Patrick: Senator Kennedy took me to the Senate Floor with him for a speech he was giving about the Ghost Soldiers of World War II. I remember looking up at the ceiling for a while because you can’t see the ceiling on C-SPAN. It was a really special experience that I will remember forever.
Rachel: It was a full circle moment for me when I learned that my boss would be speaking to this year’s USSYP delegates. During my Washington Week in 2014, I vividly remember providing introductory remarks for my home state senator, Senator Jon Tester, and then listening to his advice and perspective on Washington with my class of delegates. This year, while Senator Bennet spoke to the delegates, I snapped photos alongside USSYP photographers Erin Lubin and Jakub Mosur. To return to Washington Week 2019, this time as a staffer, was surreal.
Another highlight moment for me was the opportunity to photograph Senator Bennet while he heard from pro athletes Tommy Caldwell and Caroline Gleich when they were in Washington to testify about the need to protect the Arctic National Wildlife Refuge in front of Senate Democrats’ Special Committee on the Climate Crisis. The opportunity to engage with some of my favorite athletes on an issue that I’m passionate about deeply reinforced my conviction that this job is a good fit for me.

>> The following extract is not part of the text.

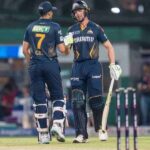 IPL 2025 GT vs SRH Live : गुजरात ने SRH को दिया 225 रनों का लक्ष्य, गिल-बटलर ने की ताबड़तोड़ बैटिंग 
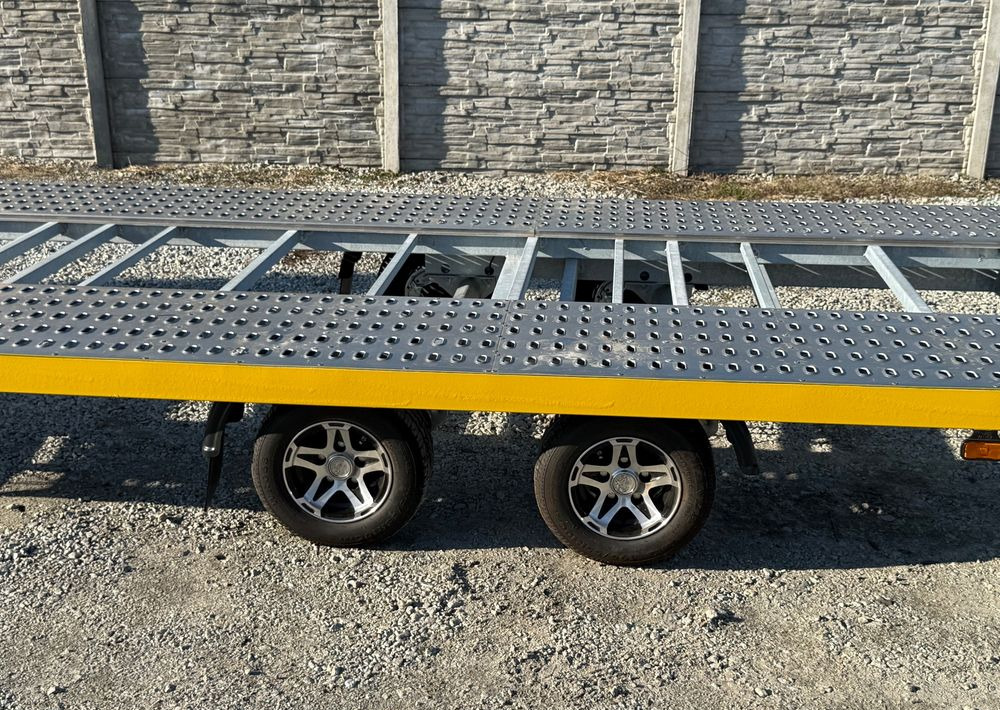 Boro LOTUS - Причеп для легкових автомобілів: фото 5 Boro LOTUS - Причеп для легкових автомобілів: фото 5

Has working with other legislative aides and colleagues in the office given you ideas about issue areas or other roles that you may be interested in for the future?

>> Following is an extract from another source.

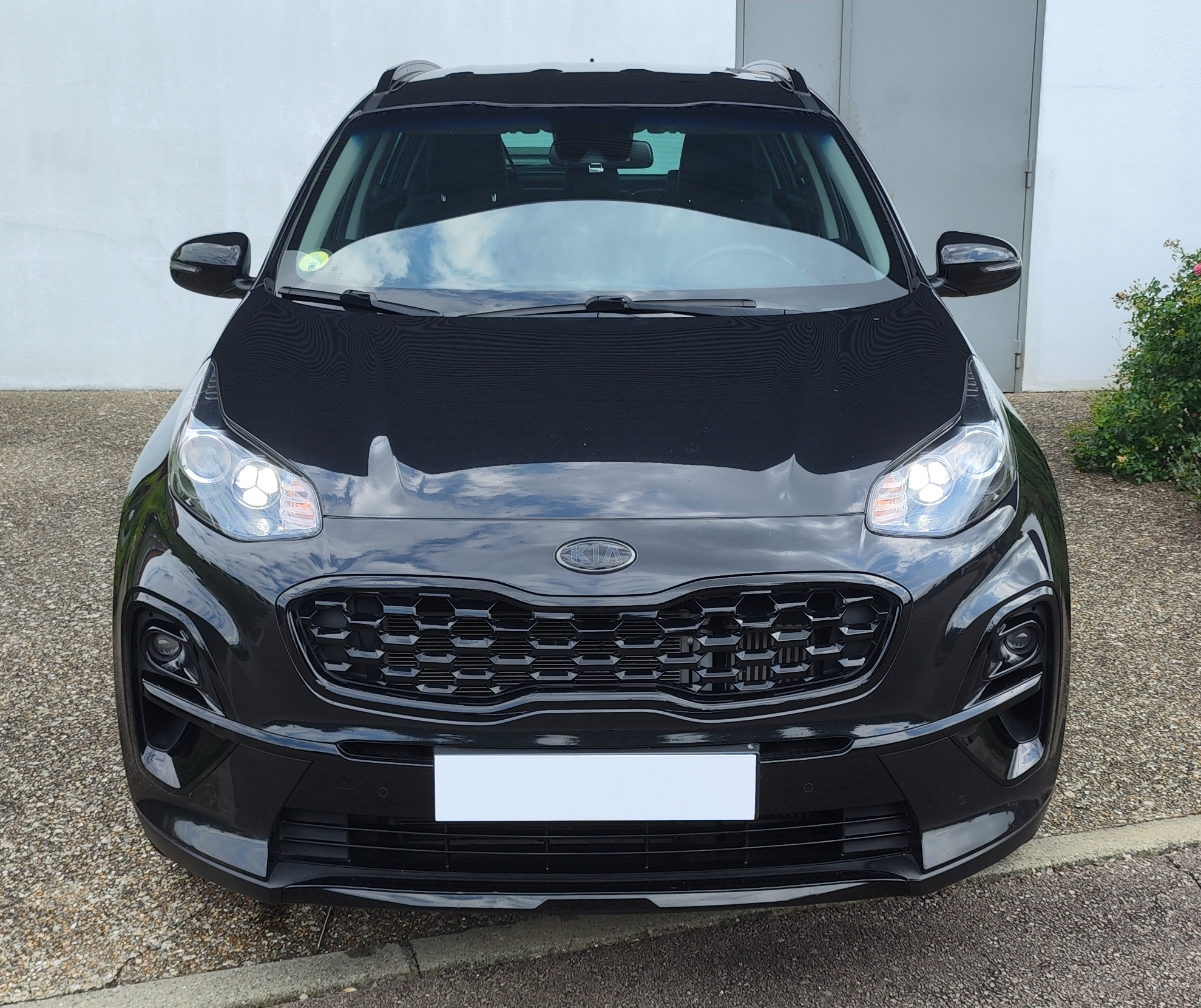 
								KIA SPORTAGE 1.6 CRDI 136CH MHEV ISG DCT7 BLACK EDITION GARANTIE 3/6/12 MOIS full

Rachel: One thing I love about working in press and digital is that every day I have the opportunity to learn more about a variety of issue areas as I draft a press release or tweet on the subject. That said, as a Coloradan, one of Senator Bennet’s priorities is protecting our public lands. Having grown up hiking and fishing on public lands, I have truly enjoyed the work we’ve done to promote and advance his new legislation to protect approximately 400,000 acres of public land in Colorado.

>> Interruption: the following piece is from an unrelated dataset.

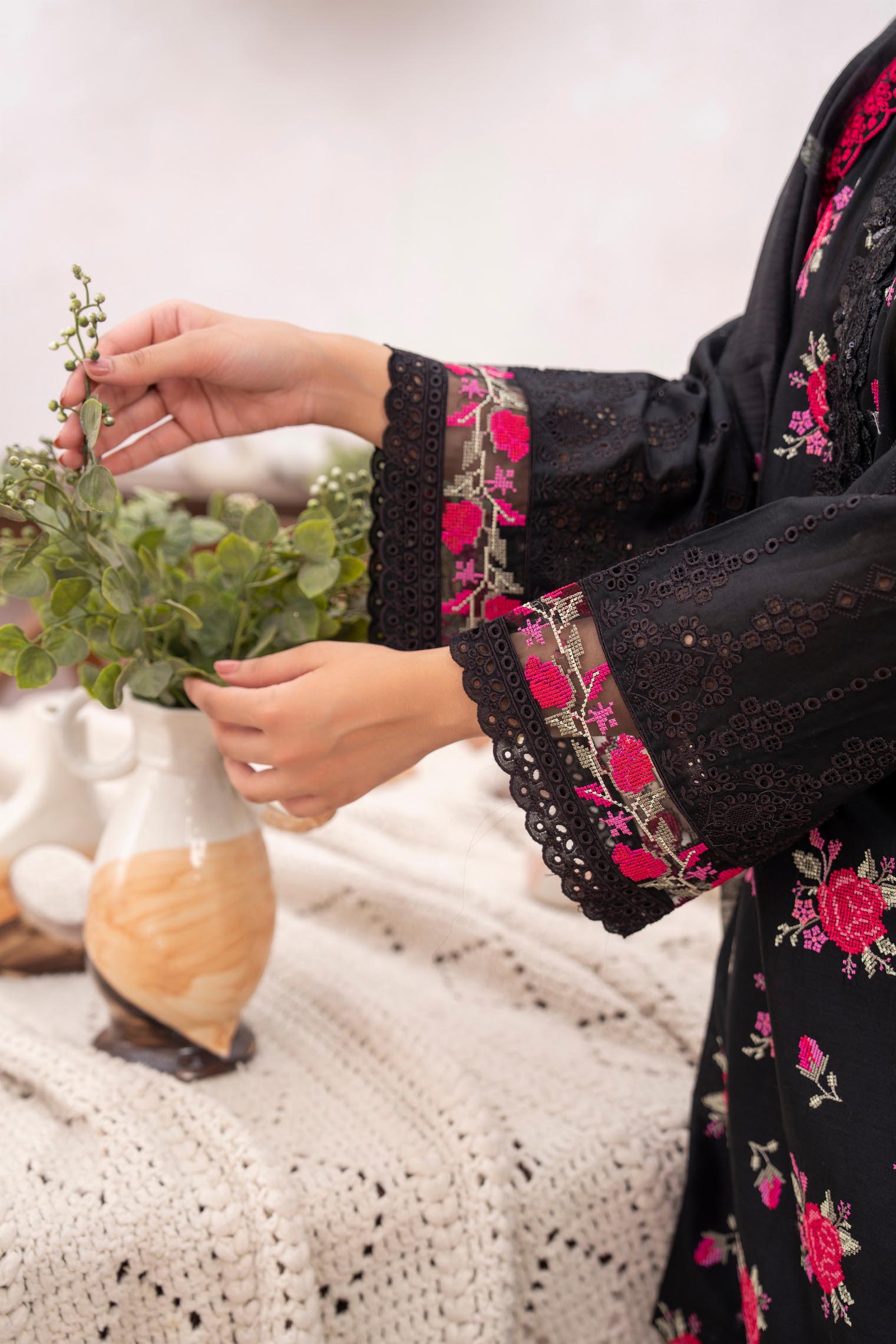 KC-1475-E RAVEN PINK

What advice would you give to other students about beginning a career on Capitol Hill?
Rachel: The Hill is a great place to start a career. I’ve found that the depth and breadth of the skills that you build, and the speed at which this happens, is unrivaled. I’ve learned a tremendous amount from fellow press and digital staffers here in the Senate, but also from our policy staff. The community on the Hill is very strong, and I’ve gained a lot from simply asking questions, taking on new and challenging projects, and stepping out of my comfort zone.
I’d advise new staffers never to get complacent – strive to learn something new or meet someone new every day, and to always look for ways that you can better serve constituents – because ultimately, our job is to represent them in Washington to the best of our abilities.
What work skills and other personal qualities have you observed as important for success as a member of a senator’s staff?
Rachel: A strong work ethic, a true desire to serve the constituents of your boss’ state or district, and an ability to work effectively on a fast-moving team have proven to be some of the most important qualities of a good staffer in my experience.
Patrick: The most important work skills necessary for being an effective Senate staffer are diligence, timeliness, and flexibility. These qualities are useful in a constantly changing environment like Congress, and your ability to react quickly to new facts while still being attentive to detail is essential if you’re going to be an effective aide.
Do you ever meet up with or run into other USSYP alums on the Hill?
Rachel: It just so happens that Colorado’s junior senator – Cory Gardner – is also a USSYP alum. During my Washington Week, we heard from Senator Gardner, who was a congressman at the time – and now our communications team regularly works with Senator Gardner’s office on bipartisan legislation and issues of importance to Colorado. D.C. has a very strong community of USSYP alums. My roommate from my Washington Week also lives in D.C. and works at the ACLU. She is now a close friend, and we regularly get together with a group of our fellow delegates who work in D.C. across all sectors.